▶ [Work instructions]:
Print exactly the lines that run from the first line of the material to the line containing "Sleeves Jumpsuit-Magenta BamGleam", both ends included, and skip the pictures.
::: Dataset content
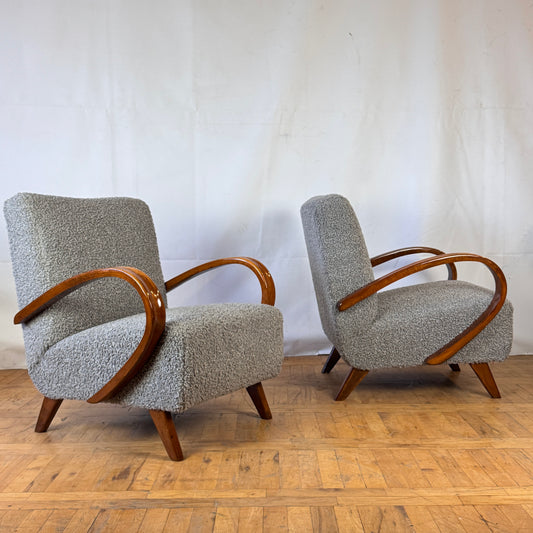 Pair of Frantisek Jirak art deco style armchairs 1960s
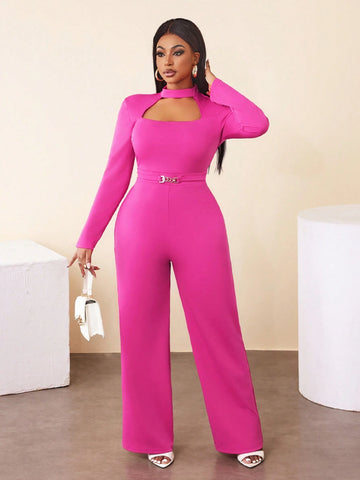 BamGleam Shien Slayr Stretch Round Neck Long Sleeves Jumpsuit-Magenta BamGleam Shien Slayr Stretch Round Neck Long Sleeves Jumpsuit-Magenta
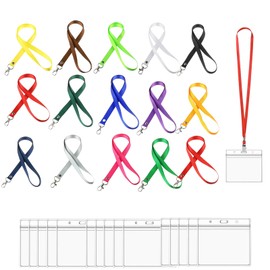 Lanyard with Card Holder, 15Pcs Lanyard with 15Pcs Card Holder, Clear Waterproof ID Card Holders Name Tag Badge Card Holders with Neck Lanyard, for Work Badges ID Cards Key Rings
::::::
▶ [Result for this task]:
 Pair of Frantisek Jirak art deco style armchairs 1960s
 BamGleam Shien Slayr Stretch Round Neck Long Sleeves Jumpsuit-Magenta BamGleam Shien Slayr Stretch Round Neck Long Sleeves Jumpsuit-Magenta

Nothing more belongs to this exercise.